Philmovieguy wrote on 8/7/2016, 5:26 PM
That software is outdated tried it didn't work to remove these red pixels in my film in post production. Is there anyway in Sony Vegas Pro 13 to color in these pin dot stuck red pixels? I know in Premier - After Effects there are tools in that software to do it. But I have SV not PA.
R0cky wrote on 8/8/2016, 2:49 PM
Just using built in tools, you can use the convolution kernel filter with this matrix:

.125 .125 .125
.125 0 .125
.125 .125 .125

This averages the surrounding pixels and replaces the bad pixel with the average.

However, the hard part is to draw a 3x3 pixel mask right over the bad pixel. A better way would be to bring a still into photoshop or similar tool and build the mask there.

rocky
gjesion wrote on 8/8/2016, 3:15 PM
I have had problems over the years with stuck (white) pixels. The method that I found that works the best is to perform a median filter thru a mask around the offending pixels. This works well, but takes forever. Although this may not work for the red ones.

I did manage to find an alternative that works well and is quite fast. it is "PixelPatcher hot pixel fixer". This filter requires a mask of the bad pixels (made by shooting black and getting a frame grab). Apply the filter pointing to the mask and you are done. I usually pull the black frame into my favorite image editor and slam them to 255 before using it.

Again, it may not work for red, but it then again it may.

Regards,
Jerry
Philmovieguy wrote on 8/8/2016, 6:04 PM
Is this Convolution Kernel Filter in Sony Vegas Pro 13? If so how can find in the program?
gjesion wrote on 8/8/2016, 8:39 PM
Not sure what the underlying algorithm is. Check here.

Regards,
Jerry
Julius_ wrote on 8/9/2016, 1:12 PM
This is what helped me in the white dots..not sure about the red ones.

http://www.sonycreativesoftware.com/forums/showmessage.asp?forumid=4&messageid=936465
R0cky wrote on 8/10/2016, 3:52 PM
convolution kernel filter is a video FX. Same place as all of the other video FX.

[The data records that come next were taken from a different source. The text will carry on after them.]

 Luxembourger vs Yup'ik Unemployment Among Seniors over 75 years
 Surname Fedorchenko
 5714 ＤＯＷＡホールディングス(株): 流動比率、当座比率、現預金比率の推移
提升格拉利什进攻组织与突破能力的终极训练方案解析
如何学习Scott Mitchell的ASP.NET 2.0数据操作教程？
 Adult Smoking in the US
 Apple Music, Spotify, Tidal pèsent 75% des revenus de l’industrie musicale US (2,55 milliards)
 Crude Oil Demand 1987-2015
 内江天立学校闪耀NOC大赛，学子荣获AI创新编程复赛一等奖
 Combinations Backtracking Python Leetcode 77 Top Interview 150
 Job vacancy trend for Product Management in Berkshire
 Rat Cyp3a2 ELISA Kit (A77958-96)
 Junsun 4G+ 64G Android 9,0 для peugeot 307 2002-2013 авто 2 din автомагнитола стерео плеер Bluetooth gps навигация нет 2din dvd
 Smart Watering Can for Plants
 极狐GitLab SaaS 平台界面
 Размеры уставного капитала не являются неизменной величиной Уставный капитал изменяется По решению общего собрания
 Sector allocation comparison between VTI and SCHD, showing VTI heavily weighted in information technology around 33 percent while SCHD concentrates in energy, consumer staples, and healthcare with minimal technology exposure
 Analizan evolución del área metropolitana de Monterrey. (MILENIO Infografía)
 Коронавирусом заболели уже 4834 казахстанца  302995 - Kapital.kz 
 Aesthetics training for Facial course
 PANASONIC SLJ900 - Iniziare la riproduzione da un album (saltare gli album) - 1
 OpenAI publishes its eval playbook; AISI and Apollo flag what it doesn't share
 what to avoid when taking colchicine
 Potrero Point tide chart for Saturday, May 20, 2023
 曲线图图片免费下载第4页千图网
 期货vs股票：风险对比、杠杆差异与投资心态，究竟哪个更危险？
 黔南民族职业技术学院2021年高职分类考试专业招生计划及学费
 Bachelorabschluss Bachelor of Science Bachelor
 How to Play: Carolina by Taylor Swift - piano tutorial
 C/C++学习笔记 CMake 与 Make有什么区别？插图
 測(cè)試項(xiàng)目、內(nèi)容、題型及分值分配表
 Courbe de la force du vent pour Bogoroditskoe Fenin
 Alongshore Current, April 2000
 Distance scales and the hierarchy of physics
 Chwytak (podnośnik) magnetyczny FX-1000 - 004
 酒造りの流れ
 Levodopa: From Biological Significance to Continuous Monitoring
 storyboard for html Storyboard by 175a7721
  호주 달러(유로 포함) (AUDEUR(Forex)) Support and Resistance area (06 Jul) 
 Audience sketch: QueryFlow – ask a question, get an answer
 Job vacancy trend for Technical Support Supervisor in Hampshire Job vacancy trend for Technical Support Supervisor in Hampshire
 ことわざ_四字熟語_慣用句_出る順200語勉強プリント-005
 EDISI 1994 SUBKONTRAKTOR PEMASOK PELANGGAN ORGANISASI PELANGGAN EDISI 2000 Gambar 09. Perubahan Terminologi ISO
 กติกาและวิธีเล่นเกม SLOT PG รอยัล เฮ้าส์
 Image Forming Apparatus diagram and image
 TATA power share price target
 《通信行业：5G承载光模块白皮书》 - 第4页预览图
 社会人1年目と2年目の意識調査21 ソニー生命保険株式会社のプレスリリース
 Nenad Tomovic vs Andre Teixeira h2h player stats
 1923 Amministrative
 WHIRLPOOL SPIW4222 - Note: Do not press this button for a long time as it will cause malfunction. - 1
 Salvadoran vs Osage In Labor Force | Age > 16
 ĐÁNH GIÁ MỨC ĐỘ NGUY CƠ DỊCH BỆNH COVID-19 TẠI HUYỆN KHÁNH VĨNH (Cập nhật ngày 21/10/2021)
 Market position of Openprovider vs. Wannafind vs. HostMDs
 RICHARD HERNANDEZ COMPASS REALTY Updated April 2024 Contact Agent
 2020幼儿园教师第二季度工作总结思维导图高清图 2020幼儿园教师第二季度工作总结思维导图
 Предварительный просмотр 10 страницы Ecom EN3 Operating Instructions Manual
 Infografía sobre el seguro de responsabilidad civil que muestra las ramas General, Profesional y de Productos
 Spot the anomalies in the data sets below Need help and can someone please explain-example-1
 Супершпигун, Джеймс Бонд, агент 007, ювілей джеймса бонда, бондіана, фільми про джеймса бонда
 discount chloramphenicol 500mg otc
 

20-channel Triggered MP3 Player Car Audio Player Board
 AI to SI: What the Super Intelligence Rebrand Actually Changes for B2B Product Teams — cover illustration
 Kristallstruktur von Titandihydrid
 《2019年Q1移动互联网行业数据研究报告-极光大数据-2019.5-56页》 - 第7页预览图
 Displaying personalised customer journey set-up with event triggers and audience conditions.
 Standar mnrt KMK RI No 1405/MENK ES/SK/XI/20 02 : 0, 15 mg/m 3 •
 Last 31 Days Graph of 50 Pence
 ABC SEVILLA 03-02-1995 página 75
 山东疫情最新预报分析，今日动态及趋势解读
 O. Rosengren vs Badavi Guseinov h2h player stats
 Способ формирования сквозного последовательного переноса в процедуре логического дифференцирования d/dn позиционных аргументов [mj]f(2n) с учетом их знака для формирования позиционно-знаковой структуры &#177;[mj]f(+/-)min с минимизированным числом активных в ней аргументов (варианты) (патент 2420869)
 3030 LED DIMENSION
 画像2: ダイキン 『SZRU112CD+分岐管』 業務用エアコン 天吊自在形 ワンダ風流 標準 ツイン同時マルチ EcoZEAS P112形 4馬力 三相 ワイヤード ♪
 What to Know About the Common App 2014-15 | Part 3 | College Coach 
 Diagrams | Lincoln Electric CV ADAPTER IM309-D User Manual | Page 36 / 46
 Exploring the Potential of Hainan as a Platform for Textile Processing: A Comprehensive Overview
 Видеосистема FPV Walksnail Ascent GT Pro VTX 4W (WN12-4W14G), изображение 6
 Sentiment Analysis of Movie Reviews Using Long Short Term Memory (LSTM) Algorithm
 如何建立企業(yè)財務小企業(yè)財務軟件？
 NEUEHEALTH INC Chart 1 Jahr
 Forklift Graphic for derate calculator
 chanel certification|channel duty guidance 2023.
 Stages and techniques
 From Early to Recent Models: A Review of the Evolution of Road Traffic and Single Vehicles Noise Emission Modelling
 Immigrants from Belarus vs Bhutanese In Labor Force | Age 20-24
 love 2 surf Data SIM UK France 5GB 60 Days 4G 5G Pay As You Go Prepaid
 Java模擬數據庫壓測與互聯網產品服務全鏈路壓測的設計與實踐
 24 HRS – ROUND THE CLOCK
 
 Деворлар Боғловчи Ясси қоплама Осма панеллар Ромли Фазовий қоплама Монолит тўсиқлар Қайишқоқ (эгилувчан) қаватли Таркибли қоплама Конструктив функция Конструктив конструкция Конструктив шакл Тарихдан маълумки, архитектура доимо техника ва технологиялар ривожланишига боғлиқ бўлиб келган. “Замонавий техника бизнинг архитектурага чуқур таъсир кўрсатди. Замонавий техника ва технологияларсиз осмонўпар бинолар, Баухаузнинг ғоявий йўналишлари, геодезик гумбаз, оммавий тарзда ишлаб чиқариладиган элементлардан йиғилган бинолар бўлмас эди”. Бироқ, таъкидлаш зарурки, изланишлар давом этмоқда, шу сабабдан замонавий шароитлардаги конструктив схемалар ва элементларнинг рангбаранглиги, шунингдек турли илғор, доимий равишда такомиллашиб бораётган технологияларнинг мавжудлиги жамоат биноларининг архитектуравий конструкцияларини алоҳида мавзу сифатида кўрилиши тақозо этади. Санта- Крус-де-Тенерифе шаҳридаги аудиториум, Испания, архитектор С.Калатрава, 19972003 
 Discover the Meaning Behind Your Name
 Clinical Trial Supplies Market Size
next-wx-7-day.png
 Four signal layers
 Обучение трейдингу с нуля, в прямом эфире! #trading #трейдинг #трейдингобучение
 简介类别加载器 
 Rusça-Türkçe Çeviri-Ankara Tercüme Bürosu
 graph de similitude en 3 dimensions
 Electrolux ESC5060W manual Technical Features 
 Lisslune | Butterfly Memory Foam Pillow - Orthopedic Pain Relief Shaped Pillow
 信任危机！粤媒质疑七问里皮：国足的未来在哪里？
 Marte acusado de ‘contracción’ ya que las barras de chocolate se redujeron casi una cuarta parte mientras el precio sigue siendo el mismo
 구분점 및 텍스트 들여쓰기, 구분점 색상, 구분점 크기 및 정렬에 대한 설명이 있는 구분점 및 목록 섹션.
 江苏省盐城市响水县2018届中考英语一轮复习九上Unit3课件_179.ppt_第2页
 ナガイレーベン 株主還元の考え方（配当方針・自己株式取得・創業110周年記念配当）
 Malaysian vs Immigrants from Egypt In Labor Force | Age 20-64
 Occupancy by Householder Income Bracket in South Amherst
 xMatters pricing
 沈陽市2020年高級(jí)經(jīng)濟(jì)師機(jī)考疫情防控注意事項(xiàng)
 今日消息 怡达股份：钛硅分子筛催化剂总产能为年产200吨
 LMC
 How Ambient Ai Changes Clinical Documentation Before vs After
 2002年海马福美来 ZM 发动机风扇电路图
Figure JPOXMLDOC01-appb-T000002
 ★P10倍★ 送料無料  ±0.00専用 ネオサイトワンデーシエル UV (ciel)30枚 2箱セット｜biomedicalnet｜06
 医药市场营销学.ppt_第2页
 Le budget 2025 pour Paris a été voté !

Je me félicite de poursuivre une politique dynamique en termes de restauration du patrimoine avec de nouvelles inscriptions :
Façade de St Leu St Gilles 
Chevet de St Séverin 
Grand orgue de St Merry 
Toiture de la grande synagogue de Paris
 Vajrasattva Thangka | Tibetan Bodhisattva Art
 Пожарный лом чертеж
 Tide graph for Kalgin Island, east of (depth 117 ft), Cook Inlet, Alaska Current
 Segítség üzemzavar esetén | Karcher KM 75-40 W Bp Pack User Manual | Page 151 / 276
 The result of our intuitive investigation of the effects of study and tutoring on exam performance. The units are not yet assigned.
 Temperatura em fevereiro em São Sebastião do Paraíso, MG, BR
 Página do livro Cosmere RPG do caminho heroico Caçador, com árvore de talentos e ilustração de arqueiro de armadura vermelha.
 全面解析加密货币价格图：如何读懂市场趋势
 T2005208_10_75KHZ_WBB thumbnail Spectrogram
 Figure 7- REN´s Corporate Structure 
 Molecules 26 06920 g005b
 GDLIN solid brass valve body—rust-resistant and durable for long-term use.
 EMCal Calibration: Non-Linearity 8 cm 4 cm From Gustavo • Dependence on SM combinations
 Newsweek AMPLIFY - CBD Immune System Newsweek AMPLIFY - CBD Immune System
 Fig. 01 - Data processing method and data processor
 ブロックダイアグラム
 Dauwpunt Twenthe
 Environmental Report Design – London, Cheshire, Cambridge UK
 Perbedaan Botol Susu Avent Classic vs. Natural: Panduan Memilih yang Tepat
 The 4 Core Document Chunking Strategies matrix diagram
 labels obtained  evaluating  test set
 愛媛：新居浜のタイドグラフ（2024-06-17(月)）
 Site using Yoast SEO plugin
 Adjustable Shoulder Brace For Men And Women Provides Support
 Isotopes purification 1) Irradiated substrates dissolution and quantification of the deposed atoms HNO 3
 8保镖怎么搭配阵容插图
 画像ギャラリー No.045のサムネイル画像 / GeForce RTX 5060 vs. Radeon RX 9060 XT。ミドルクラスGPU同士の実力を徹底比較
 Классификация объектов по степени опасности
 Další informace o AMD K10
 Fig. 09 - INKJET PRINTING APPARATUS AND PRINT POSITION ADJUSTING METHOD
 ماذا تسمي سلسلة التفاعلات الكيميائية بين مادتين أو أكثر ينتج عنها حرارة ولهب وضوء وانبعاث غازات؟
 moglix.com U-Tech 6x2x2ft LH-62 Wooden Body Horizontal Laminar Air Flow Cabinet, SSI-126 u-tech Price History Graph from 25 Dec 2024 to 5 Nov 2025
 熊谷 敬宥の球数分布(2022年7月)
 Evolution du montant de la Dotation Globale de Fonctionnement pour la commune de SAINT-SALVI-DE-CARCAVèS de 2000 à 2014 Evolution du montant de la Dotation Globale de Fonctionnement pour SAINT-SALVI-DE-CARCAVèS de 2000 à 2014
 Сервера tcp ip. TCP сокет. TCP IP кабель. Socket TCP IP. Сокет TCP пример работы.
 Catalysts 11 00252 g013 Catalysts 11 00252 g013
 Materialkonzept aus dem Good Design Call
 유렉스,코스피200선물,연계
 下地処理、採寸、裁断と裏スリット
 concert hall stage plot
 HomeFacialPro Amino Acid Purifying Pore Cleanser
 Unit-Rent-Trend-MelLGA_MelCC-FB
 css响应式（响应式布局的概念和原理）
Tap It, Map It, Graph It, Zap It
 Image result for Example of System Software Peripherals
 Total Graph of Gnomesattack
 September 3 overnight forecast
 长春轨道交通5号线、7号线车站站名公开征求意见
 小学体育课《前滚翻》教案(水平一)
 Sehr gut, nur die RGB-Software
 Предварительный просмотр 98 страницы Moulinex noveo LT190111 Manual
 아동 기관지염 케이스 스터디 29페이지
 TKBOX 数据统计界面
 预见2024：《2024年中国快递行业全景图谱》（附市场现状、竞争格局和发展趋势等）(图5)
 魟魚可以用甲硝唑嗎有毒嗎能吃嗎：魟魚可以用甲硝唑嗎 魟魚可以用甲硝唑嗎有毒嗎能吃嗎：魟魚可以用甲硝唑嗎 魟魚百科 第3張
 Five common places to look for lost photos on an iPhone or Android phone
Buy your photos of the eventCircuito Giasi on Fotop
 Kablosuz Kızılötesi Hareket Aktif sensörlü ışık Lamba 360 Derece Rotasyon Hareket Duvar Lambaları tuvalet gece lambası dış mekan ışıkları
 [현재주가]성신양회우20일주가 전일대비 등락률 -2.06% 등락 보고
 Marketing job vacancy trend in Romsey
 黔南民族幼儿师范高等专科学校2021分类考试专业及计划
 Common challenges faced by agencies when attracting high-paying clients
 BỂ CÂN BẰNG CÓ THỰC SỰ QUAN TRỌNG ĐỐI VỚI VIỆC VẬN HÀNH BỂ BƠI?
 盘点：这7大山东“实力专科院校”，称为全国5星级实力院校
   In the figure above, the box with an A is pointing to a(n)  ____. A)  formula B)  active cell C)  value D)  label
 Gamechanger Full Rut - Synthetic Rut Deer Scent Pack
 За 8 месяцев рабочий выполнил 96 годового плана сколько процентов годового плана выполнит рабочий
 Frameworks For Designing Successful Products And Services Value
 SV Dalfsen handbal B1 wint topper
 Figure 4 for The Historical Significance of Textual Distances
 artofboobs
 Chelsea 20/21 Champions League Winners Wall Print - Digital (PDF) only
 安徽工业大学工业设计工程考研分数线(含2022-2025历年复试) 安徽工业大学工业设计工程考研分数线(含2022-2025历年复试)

As another poster mentioned, the median filter could also work. Math is a little different but you probably won't see much difference between the two.

The real work is creating the mask over the bad pixels. For the convolution kernel you want either a 1x1 or 3x3 pixel mask. Which depends on if the filter will pull data from outside the mask to calculate the center pixel so I'd try it both ways and see what happens.